TASK GOAL>
Your answer must hold only the lines below from the line containing "انشودة سبع طوال أنزلت انشودة سبع طوال أنزلت" through the line containing "Czech dark lager", each reproduced exactly.

RECORDS FOR PROCESSING>
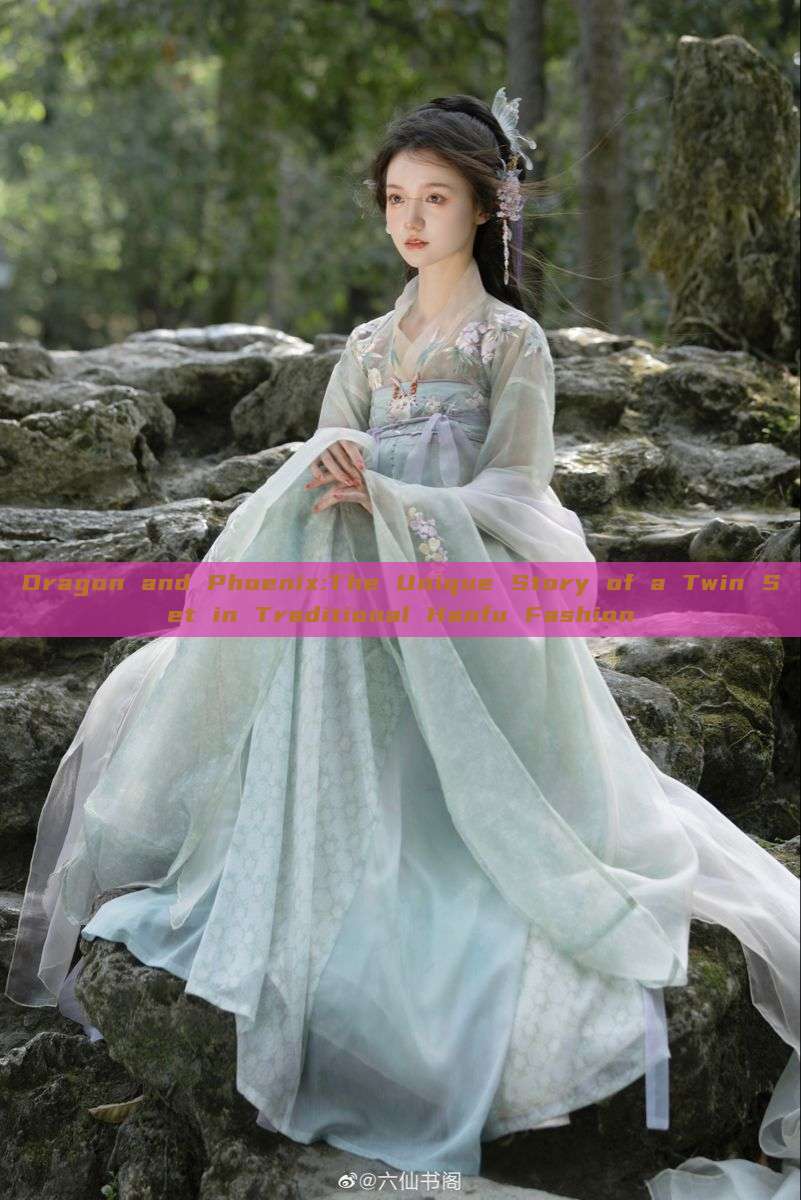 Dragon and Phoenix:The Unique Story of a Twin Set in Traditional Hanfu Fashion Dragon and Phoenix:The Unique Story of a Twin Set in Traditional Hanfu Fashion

--

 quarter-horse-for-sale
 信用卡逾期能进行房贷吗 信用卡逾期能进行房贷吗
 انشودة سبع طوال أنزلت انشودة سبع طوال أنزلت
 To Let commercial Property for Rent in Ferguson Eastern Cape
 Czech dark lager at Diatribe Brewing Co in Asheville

RESPONSE BOX>
 انشودة سبع طوال أنزلت انشودة سبع طوال أنزلت
 To Let commercial Property for Rent in Ferguson Eastern Cape
 Czech dark lager at Diatribe Brewing Co in Asheville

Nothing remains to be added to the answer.